Items from a dataset
+ + +

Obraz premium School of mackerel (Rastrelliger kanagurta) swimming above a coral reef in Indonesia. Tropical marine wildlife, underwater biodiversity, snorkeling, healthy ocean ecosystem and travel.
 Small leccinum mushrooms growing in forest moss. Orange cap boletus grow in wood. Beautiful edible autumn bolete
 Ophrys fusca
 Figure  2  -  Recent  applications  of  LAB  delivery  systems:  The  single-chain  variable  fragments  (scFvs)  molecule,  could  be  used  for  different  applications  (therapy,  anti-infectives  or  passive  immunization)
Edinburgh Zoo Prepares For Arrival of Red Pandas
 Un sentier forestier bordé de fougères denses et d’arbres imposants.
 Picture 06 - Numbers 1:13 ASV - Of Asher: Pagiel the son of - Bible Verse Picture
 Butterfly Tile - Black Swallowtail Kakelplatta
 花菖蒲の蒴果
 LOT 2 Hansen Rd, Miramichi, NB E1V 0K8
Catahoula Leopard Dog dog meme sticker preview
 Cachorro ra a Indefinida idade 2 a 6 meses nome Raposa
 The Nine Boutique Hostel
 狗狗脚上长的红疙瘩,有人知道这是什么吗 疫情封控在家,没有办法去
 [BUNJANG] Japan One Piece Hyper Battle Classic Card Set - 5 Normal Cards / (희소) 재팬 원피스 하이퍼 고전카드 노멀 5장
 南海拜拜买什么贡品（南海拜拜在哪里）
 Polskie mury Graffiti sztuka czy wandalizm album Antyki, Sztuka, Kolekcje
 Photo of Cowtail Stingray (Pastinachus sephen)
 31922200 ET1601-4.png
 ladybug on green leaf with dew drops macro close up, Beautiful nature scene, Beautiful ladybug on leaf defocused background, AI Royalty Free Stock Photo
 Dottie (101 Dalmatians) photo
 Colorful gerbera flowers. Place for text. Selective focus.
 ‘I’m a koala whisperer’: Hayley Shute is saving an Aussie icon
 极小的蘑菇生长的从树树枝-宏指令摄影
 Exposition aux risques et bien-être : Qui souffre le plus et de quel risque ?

+ + +

_Work to be completed_
A single number, please: the count of lines above that contain the string "Beautiful".

_Solution for this exercise_
2